PENSIONS : Le système des retraites miné par la pratique du ‘’moro obosso’’
Comme tous les Congolais le savent, les retraités de la Caisse de retraite des fonctionnaires (CRF), devenus de véritables maltraités par le Gouvernement, vivent un calvaire aux conséquences quotidiennes dramatiques dans les familles. C’est vraiment inhumain qu’un pouvoir exercé pourtant majoritairement par des retraités puisse soumettre d’autres à une vie totalement indigne de la personne humaine alors qu’ils avaient régulièrement cotisé lorsqu’ils étaient actifs.
Contrairement au système de retraite par capitalisation qu’applique les Etats-Unis d’Amérique, par exemple, celui en vigueur dans notre pays-hérité de la puissance coloniale- est celui de la retraite par répartition. Ce qui signifie que ce sont les cotisations des actifs qui servent à payer les passifs que les retraités sont devenus.

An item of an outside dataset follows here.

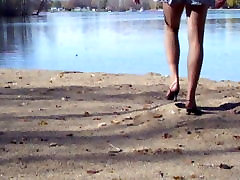 mo mom son at the lake in hose and heels
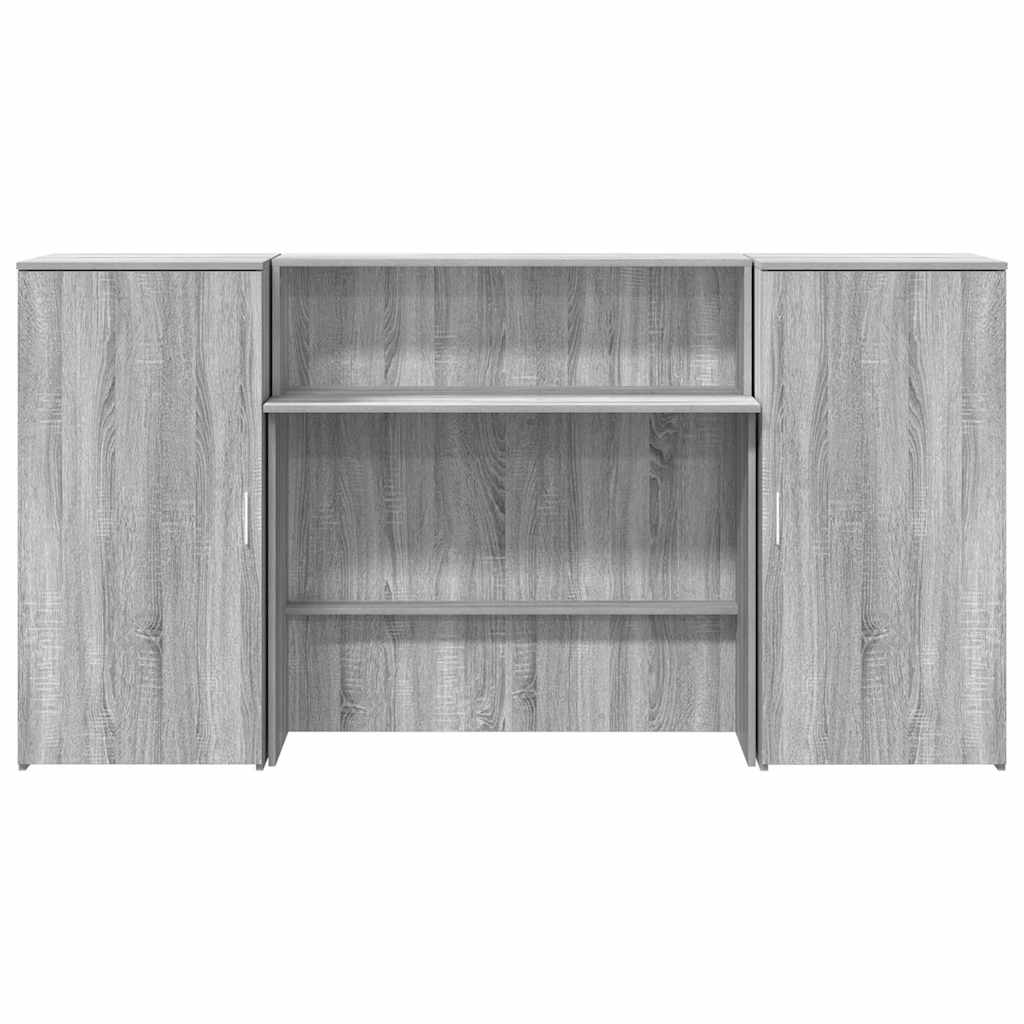 receptionsskranke 200x50x103,5 cm konstrueret træ grå sonoma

Mais, pour que ce système de retraite par répartition puisse fonctionner sans difficultés, il faut que le nombre des actifs soit très largement supérieur à celui des passifs. Le paiement des pensions des retraités de la CRF ne posait pas de problèmes au départ. Tous les Congolais se souviennent encore qu’il n’y a pas très longtemps encore qu’après le paiement des salaires des fonctionnaires, celui des retraités avait lieu la semaine qui suivait. Tout cela parce que les cotisations des actifs généraient suffisamment de ressources financières pour payer les retraités.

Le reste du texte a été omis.